§ What the task requires: Each line of the data must reappear exactly in your answer, with no images included.

§ Information shown:
>>

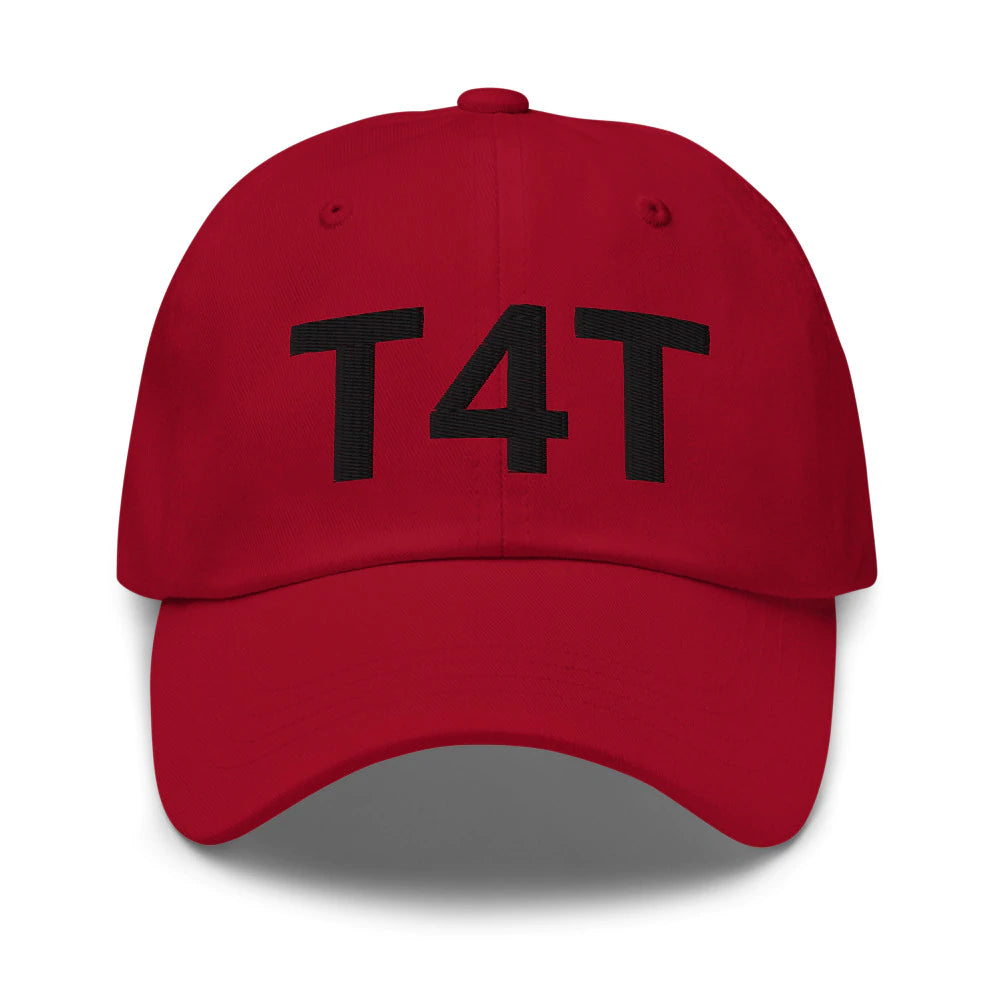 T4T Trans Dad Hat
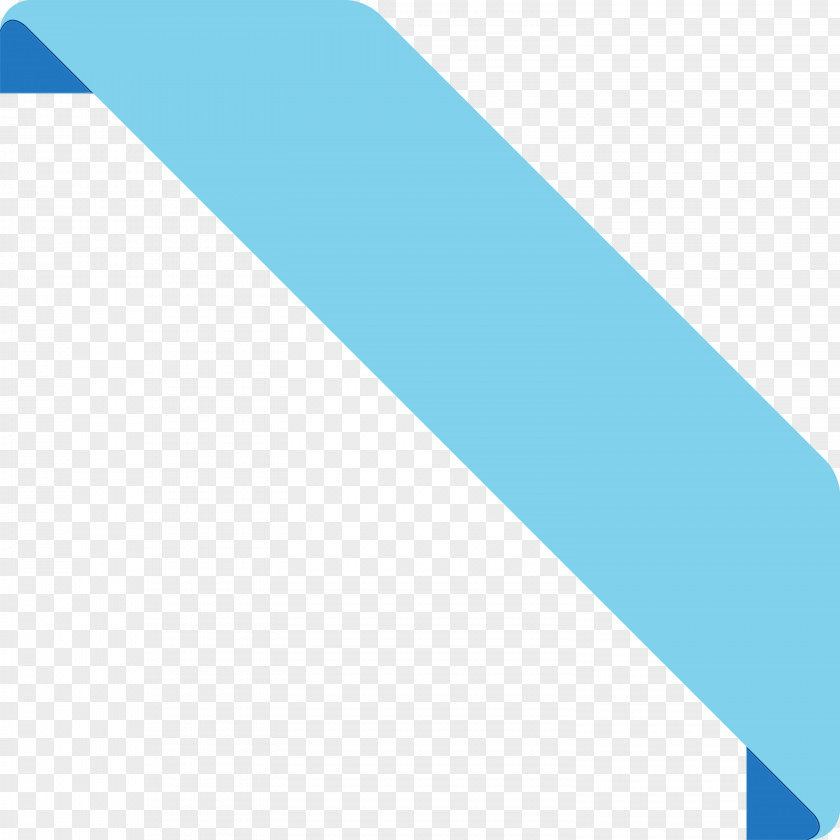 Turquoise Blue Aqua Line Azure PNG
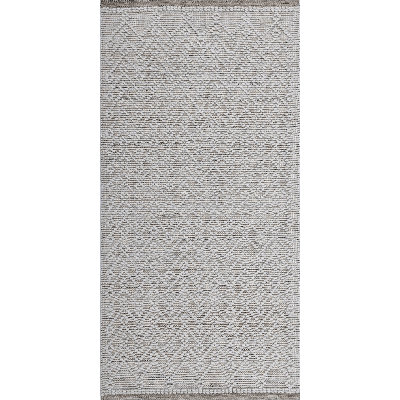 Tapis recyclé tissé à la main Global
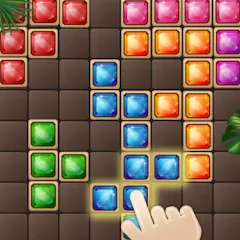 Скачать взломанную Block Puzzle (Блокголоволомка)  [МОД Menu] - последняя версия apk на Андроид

<<

§ Result for this task:
 T4T Trans Dad Hat
 Turquoise Blue Aqua Line Azure PNG
 Tapis recyclé tissé à la main Global
 Скачать взломанную Block Puzzle (Блокголоволомка)  [МОД Menu] - последняя версия apk на Андроид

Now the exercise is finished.